6. **Evaluation**: Measure retrieval and generation quality

Let's build it! 🚀

In [1]:
!pip install -q langchain langchain-openai langchain-community
!pip install -q faiss-cpu chromadb ragas
!pip install -q python-dotenv

In [2]:
!git clone https://github.com/IvanReznikov/mdx-langchain-conclave

fatal: destination path 'mdx-langchain-conclave' already exists and is not an empty directory.


In [3]:
import pickle

from langchain_openai import OpenAIEmbeddings, ChatOpenAI
from langchain_community.vectorstores import FAISS, Chroma
from langchain_core.documents import Document

import os
from google.colab import userdata

# Set OpenAI API key from Google Colab's user environment or default
def set_openai_api_key(default_key: str = "YOUR_API_KEY") -> None:
    """Set the OpenAI API key from Google Colab's user environment or use a default value."""
    #if not (userdata.get("OPENAI_API_KEY") or "OPENAI_API_KEY" in os.environ):
    try:
      os.environ["OPENAI_API_KEY"] = userdata.get("MDX_OPENAI_API_KEY")
    except:
      os.environ["OPENAI_API_KEY"] = default_key

set_openai_api_key()
#set_openai_api_key("sk-...")

llm = ChatOpenAI(model="gpt-5-nano")
embeddings = OpenAIEmbeddings(model="text-embedding-3-large")

print("✅ Environment ready!")
print(f"Embedding model: text-embedding-3-small (1536 dimensions)")

✅ Environment ready!
Embedding model: text-embedding-3-small (1536 dimensions)

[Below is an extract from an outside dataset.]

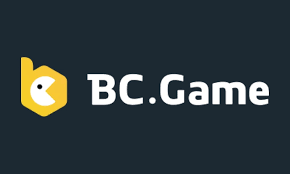 Understanding the BC.Game PH Login Process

## 1. Load Vector Store from Session 3.2

In [4]:
# Load FAISS vector store
try:
    vectorstore = FAISS.load_local(
        "/content/mdx-langchain-conclave/rag_artifacts/bakery_faiss_index",
        embeddings,
        allow_dangerous_deserialization=True
    )
    print("✅ Loaded FAISS vector store from Session 3.2")
except:
    print("⚠️  Creating sample vector store...")
    from langchain_core.documents import Document

    sample_docs = [
        Document(
            page_content="Our refund policy: Full refunds within 24 hours of order. After that, store credit is offered.",
            metadata={"source": "Customer_Service_Policy.txt", "category": "policy"}
        ),
        Document(
            page_content="Chocolate Truffle Cake: Rich chocolate with Belgian truffle filling. Price $45. Allergens: dairy, eggs, gluten.",
            metadata={"source": "cakes.pdf", "category": "product"}
        ),
        Document(
            page_content="Red Velvet Cake: Velvety red sponge with cream cheese frosting. Price $50. Allergens: dairy, eggs, gluten.",
            metadata={"source": "cakes.pdf", "category": "product"}
        ),
        Document(
            page_content="Food handlers must wash hands with soap for at least 20 seconds before handling food items.",
            metadata={"source": "SOP_Hygiene_Food_Safety.txt", "category": "safety"}
        ),
        Document(
            page_content="Response time standard: All customer inquiries must be responded to within 2 hours during business hours.",
            metadata={"source": "Customer_Service_Policy.txt", "category": "policy"}
        )
    ]

    vectorstore = FAISS.from_documents(sample_docs, embeddings)
    print("✅ Created sample vector store")

# Create retriever
retriever = vectorstore.as_retriever(
    search_type="mmr",
    search_kwargs={"k": 3, "fetch_k": 10}
)

print(f"✅ Retriever configured: MMR search, top-k=3")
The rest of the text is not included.